WHAT! are they trying to take all the fun out of it. What the hell is on that test


----------



## Jerry Lyda (Apr 4, 2006)

Most things about the care of a dog and rules of the BH. I never had to take it but a lot of people have the questions that will be on the tests. Ask around, someone will have them.


----------



## susan tuck (Mar 28, 2006)

I didn't have to take it either, but it's really basic stuff. Here is a link to the USA BH written examination:


http://www.germanshepherddog.com/members/forms/BH_Written_Examination.pdf


----------



## Chris Wild (Jan 30, 2008)

That tattoo will work fine. Though USA only requires permanent ID on purebred GSDs, not other breeds (I believe your's is a Mal?) or mixed breeds or unregistered dogs. I'm not sure on the DVG or WDA requirements for permanent ID.


----------



## Keith Jenkins (Jun 6, 2007)

DVG atm does not require you to take a test before the BH. The test is on the USA web-site and the questions are supposed to be rotated but the same ones have been up for ages:

http://germanshepherddog.com/members/forms/BH_Written_Examination.pdf


----------



## Keith Jenkins (Jun 6, 2007)

Chris Wild said:


> That tattoo will work fine. Though USA only requires permanent ID on purebred GSDs, not other breeds (I believe your's is a Mal?) or mixed breeds or unregistered dogs. I'm not sure on the DVG or WDA requirements for permanent ID.

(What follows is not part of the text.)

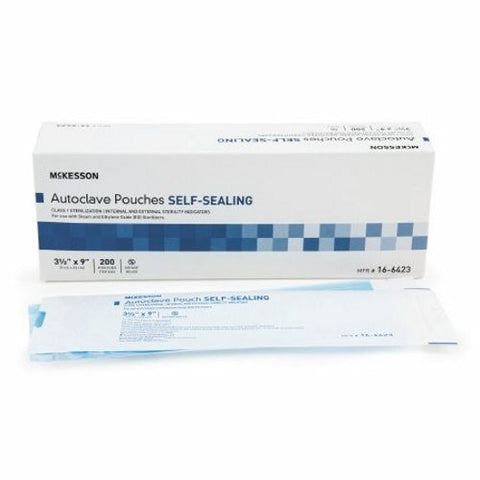 McKesson, Sterilization Pouch Ethylene Oxide Gas / Steam 3-1/2 X 9 Inch Transparent 16-6423, Box Of 200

Correct but most judges will still ask to see an ear as part of the temperment test. I chipped my last BH dog and the friggin USA judge still asked to see an ear didn't care she was chipped. :roll:


----------



## leslie cassian (Jun 3, 2007)

Easier to show an ear tattoo than a belly tattoo. :smile:


----------



## Jerry Lyda (Apr 4, 2006)

A friend of mine was asked by the judge to see the ear. My friend said the dog didn't have a tattoo in the ear it was on his enter thigh. Judge said that he didn't ask to see the tattoo on the thigh.

They want to see the ear as part of the temp. test like Keith said.


----------



## Terry Fisk (Jul 26, 2007)

leslie cassian said:


> Easier to show an ear tattoo than a belly tattoo. :smile:


I agree, we had a Mal with a tattoo on his inner thigh. Bob had to show the tattoo with this squirrely dog in a vulnerable position on his back or side in a group just like the ear tattoo. If that doesn't constitute a temperament test I'm not sure what does :wink: Some judges just go by the book regardless. Problem we have with many of the tattos is they fade or are hard to read on dogs with dark ear pigment. All our dogs have microchips too. If you have a microchip get the dog used to having someone besides yourself scanning it.


----------



## Chris Wild (Jan 30, 2008)

Keith Jenkins said:


> Correct but most judges will still ask to see an ear as part of the temperment test. I chipped my last BH dog and the friggin USA judge still asked to see an ear didn't care she was chipped. :roll:


Very true, they will still ask to see an ear as part of the temp test and to make sure that all dogs are subjected to the same testing and one without a tattoo doesn't get away without having to show the ear.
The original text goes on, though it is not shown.